Kades Tokonanaka yang hadir pada undangan rapat yang digelar oleh sekda Morut tanggal 5 Mei, mengaku ia berpikir bahwa rapat itu sudah dikoordinasikan dengan pihak DPRD dan Perusahaan.

“Sebagai masyarakat dan pemerintah desa, kami ini kan cuma ikut apa yang di atur, dengan harapan bahwa itu sudah dikoordinasikan. Karna bahasanya ibu ketua pada rapat bulan April yang terakhir. Akan di undang Pemda dan perusahaan pada rapat berikut. Jadi saya pikir sudah ini rapat yang sekda undang. Ternyata tidak ada koordinasi, saya juga kena dampaknya,”terang Kades

Akibat langkah tumpang tindih itu, penyelesaian melalui jalur formal DPRD terhenti. Padahal, DPRD adalah lembaga resmi yang memiliki kewenangan mengawasi perusahaan sekaligus mengawal aspirasi masyarakat.

Minimnya komunikasi dan lemahnya etika antar lembaga ini membuat kepercayaan publik semakin terkikis. Alih-alih menghadirkan solusi, Pemda dan DPRD justru tampak tidak solid dalam memperjuangkan kepentingan masyarakat.

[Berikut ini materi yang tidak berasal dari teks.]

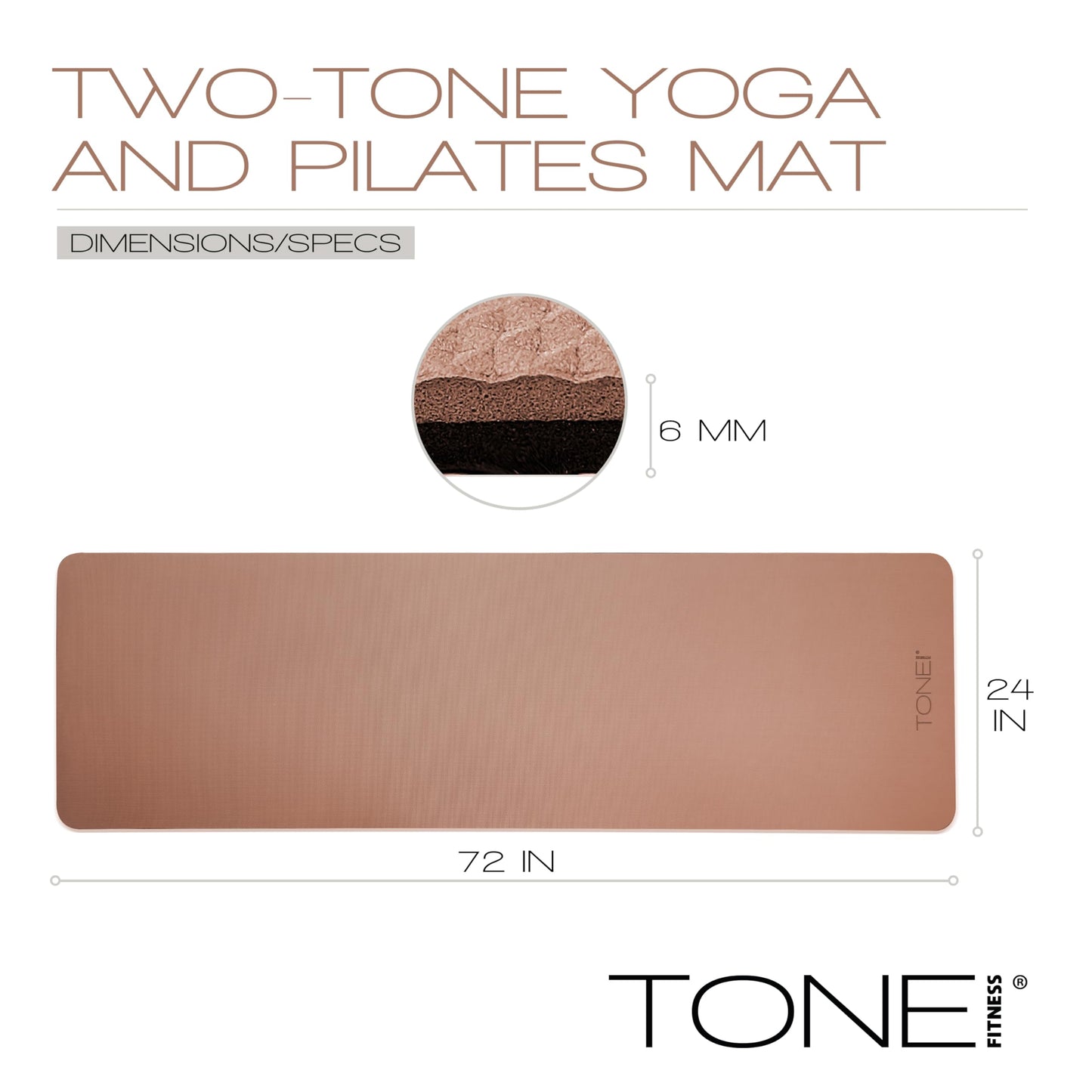 TONE Fitness Yoga Mat 1/4" Thick Non Slip Exercise & Pilates Mat for Home Workouts with Carrying Strap | Pyramid Pattern | Black/Blue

Berlarut-larutnya persoalan ini menjadi bukti rapuhnya tata kelola komunikasi pemerintahan di Morut. Ketika etika antar lembaga diabaikan, rakyatlah yang akhirnya menjadi korban. Teluk Tomori terus dilintasi kapal tongkang, sementara jeritan nelayan Tokonanaka tetap dibiarkan tanpa kepastian ganti rugi.